With Squid on your DMZ, internal client PCs are setup to proxy to the firewall. The firewall is then responsible for handing-off these HTTP requests to the cache server (so the firewall in fact treats the cache server as a parent).

Since your cache server is (essentially) on the outside of the firewall, the cache doesn't need to treat the firewall as a parent or sibling: it only accepts requests from the firewall: it never passes them to the firewall.

If your cache is outside your firewall, you will need to configure your client PC's not to use the firewall as a proxy server for internal hosts. This is quite easy, and is discussed in the chapter on browser configuration.

Since the firewall is acting as a filter between your cache and the outside world, you are going to have to open up some ports on the firewall. The cache will need to be able to connect to port 80 on any machine on the outside world. Since some valid web servers will run on ports other than 80, you should consider allowing connections to any port from the cache server. In short, allow connections to:

  • Port 80 (for normal HTTP requests)

  • Port 443 (for HTTPS requests)

  • Ports higher than 1024 (site search engines often use high-numbered ports)

If you are going to communicate with a cache server outside the firewall, you will need even more ports opened. If you are going to communicate with ICP, you will need to allow UDP traffic from and to your cache machine on port 3130. You may find that the cache server that you are peering with uses different ports for reply packets. It's probably a bad idea to open all UDP traffic, though.

Packet Filtering firewalls

Squid will normally live on the inside of your packet-filtering firewall. If you have a DMZ, it may be best to put your cache on this network, as you may want to allow UDP traffic to and from the cache server (to communicate with other caches).

To configure your firewall correctly, you should make the minimum number of holes in your filter set. In the remainder of this section we assume that your internal machines can connect to the cache server unimpeded. If your cache is on the DMZ (or outside the firewall altogether) you will need to allow TCP connections from your internal network (on a random source port) to the HTTP port that Squid will be accepting requests on (this is the port that you set a bit earlier, in the "Setting Squid's HTTP Port" section of this chapter.

First, let's consider the firewall setup when you do not query any outside caches. On accepting a request, Squid will attempt to connect to a machine on the Internet at large.
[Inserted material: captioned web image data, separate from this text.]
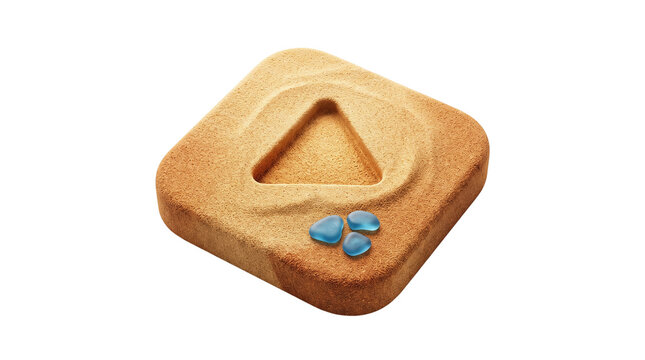 Sand play button tile, desert sand media icon concept, beach texture app symbol with blue sea glass, natural clay video start button isolated PNG with Transparent Background
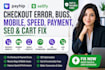 payhip sellfy checkout error bug mobile speed issue payment fix seo cart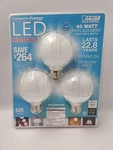 Feit Electric 8 Watt Equivalent To 40w G25 Led 3 Dimmable Light Bulbs 500 Lumens. Fixed Price $14.99.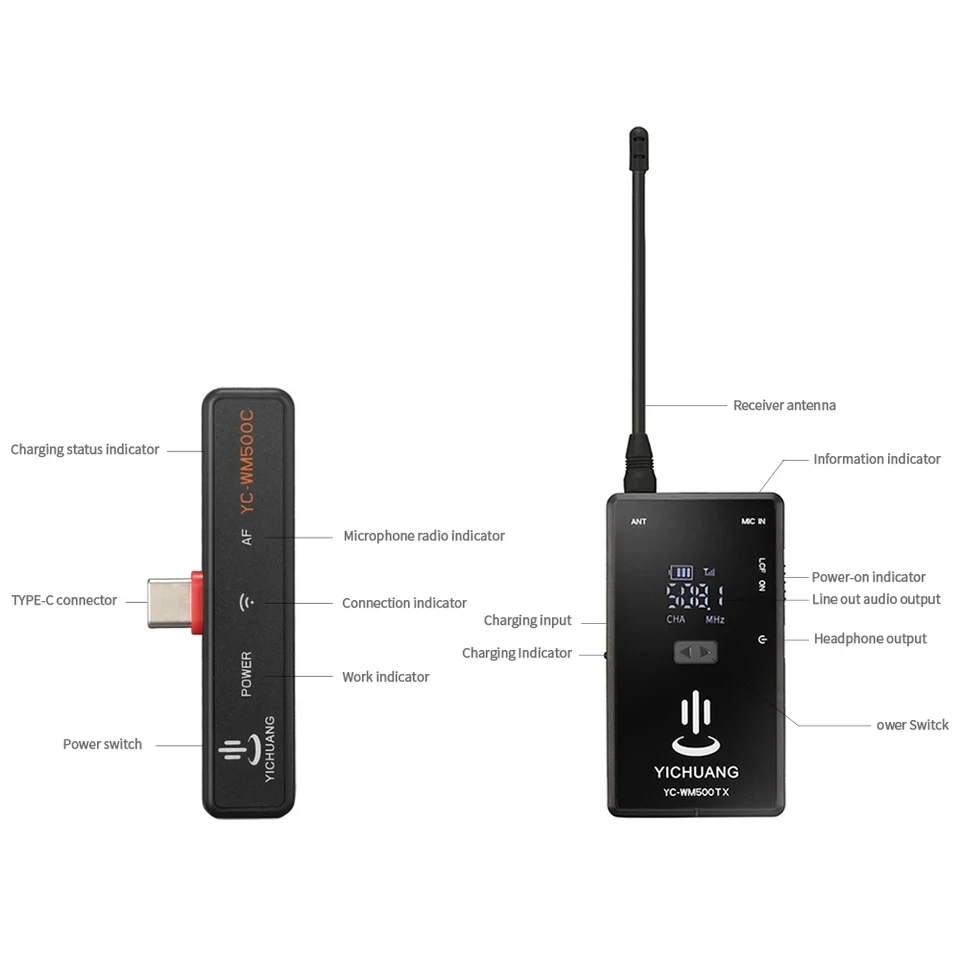Беспроводной петличный микрофон с отворотом 20 каналов UHF 2 передатчика 1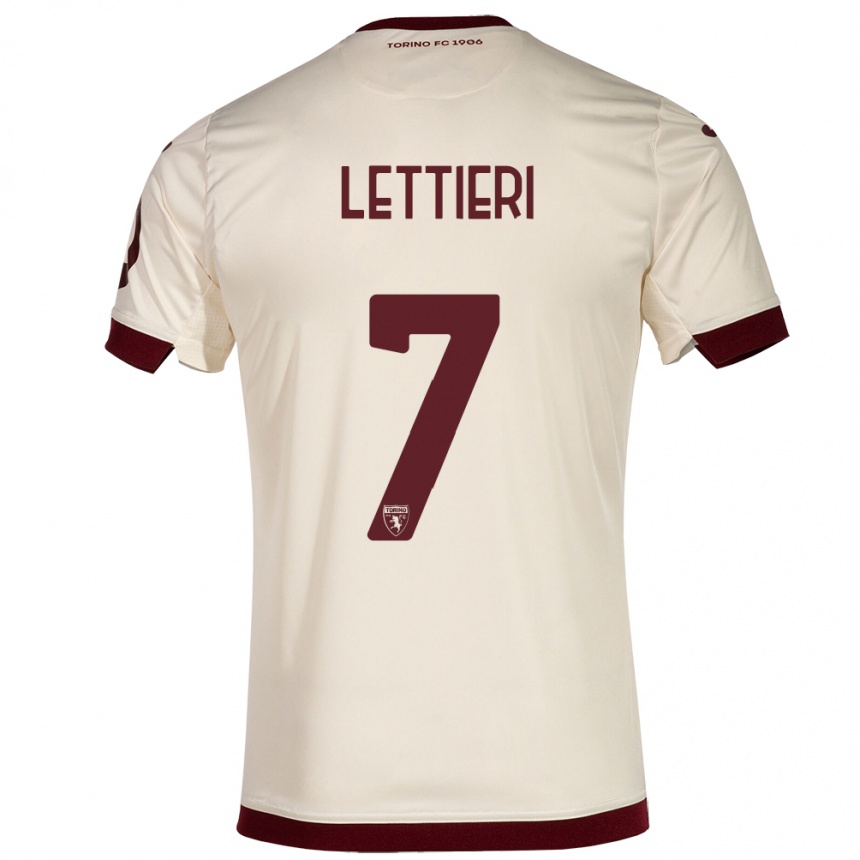 Kids Football Jessica Lettieri #7 Champagne Away Jersey 2023/24 T-Shirt Canada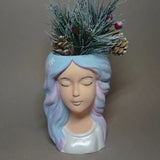 Girl Gypsum Flower Pot Silicone Resin Mold Cement Candle Holder Mold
Almost always, the destination port will be the default HTTP port, port 80. A few percent of the time, however, the request will be destined for a high-numbered port (any port number higher than 1023 is a high-numbered port). Squid always sources TCP requests from a high-numbered port, so you will thus need to allow TCP requests (all HTTP is TCP-based) from a random high-numbered port to both port 80 and any high-numbered port.

There is another low-numbered port that you will probably need to open. The HTTPS port (used for secure Internet transactions) is normally listening on TCP port 443, so this should also be opened.

In the second situation, let's look at cache-peering. If you are planning to interact with other caches, you will need to open a few more ports. First, let's look at ICP. As mentioned previously, ICP is UDP-based. Almost all ICP-compliant caches listen for ICP requests on UDP port 3130. Squid will always source requests from port 3130 too, though other ICP-compliant caches may source their requests from a different port.

It's probably not a good idea to allow these UDP packets no matter what source address they come from. Your filter should probably specify the IP addresses for each of the caches that you wish to peer from, rather than allowing UDP packets from any source address. That should be it: You should now be able to save the config file, and get ready to start the Squid program.